MATERIAL PROVIDED: Begin

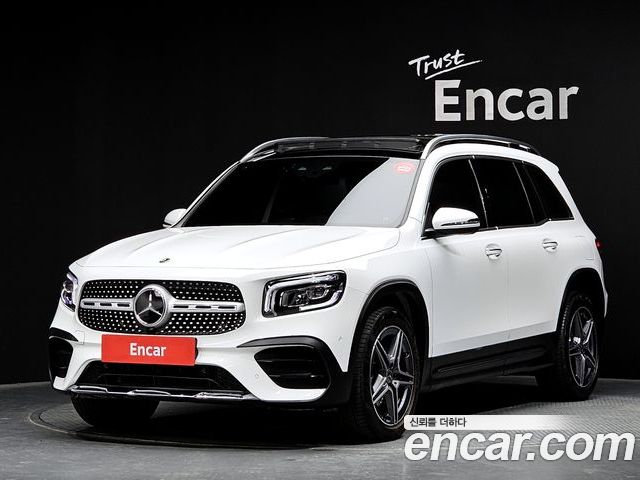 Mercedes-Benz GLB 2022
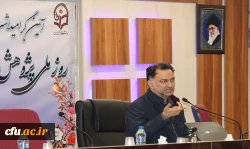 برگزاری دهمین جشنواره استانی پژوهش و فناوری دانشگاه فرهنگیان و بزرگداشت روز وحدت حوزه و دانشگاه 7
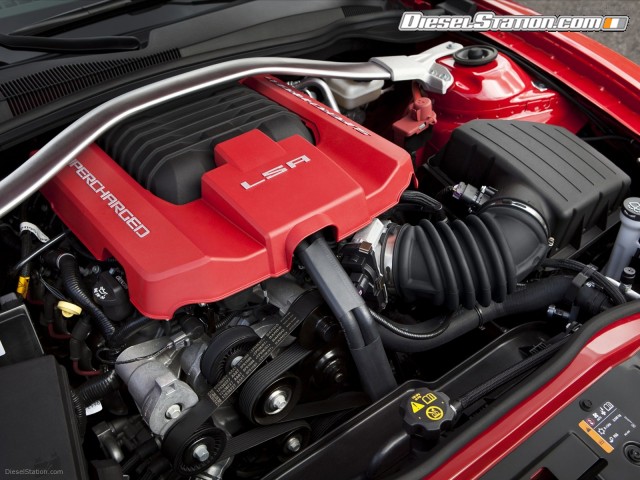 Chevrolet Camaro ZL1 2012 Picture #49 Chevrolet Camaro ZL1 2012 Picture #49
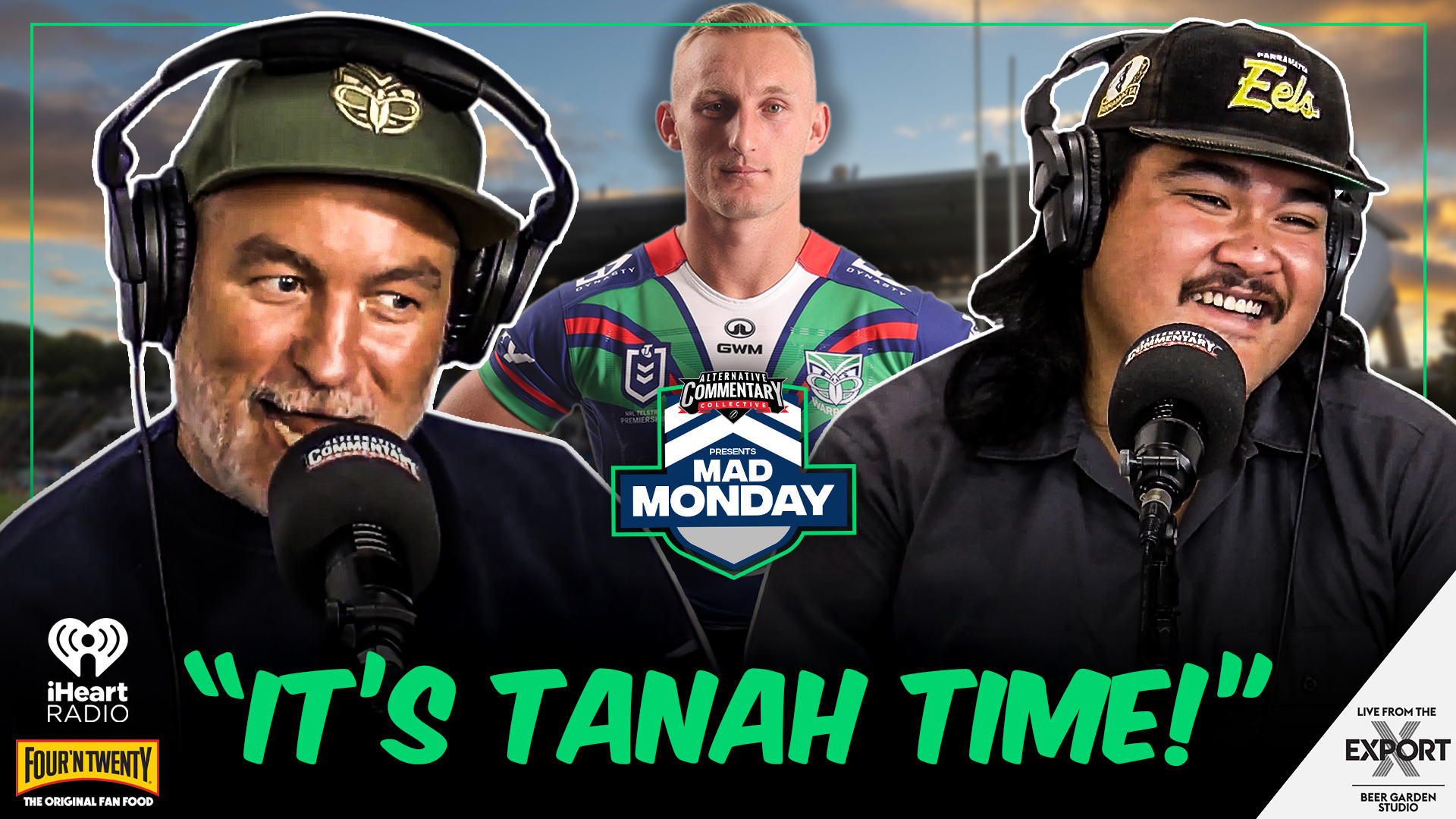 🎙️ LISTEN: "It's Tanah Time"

MATERIAL PROVIDED: End

TASK BRIEF:
Make an exact printout of the listing above, omitting the images.

TASK RESULT:
 Mercedes-Benz GLB 2022
 برگزاری دهمین جشنواره استانی پژوهش و فناوری دانشگاه فرهنگیان و بزرگداشت روز وحدت حوزه و دانشگاه 7
 Chevrolet Camaro ZL1 2012 Picture #49 Chevrolet Camaro ZL1 2012 Picture #49
 🎙️ LISTEN: "It's Tanah Time"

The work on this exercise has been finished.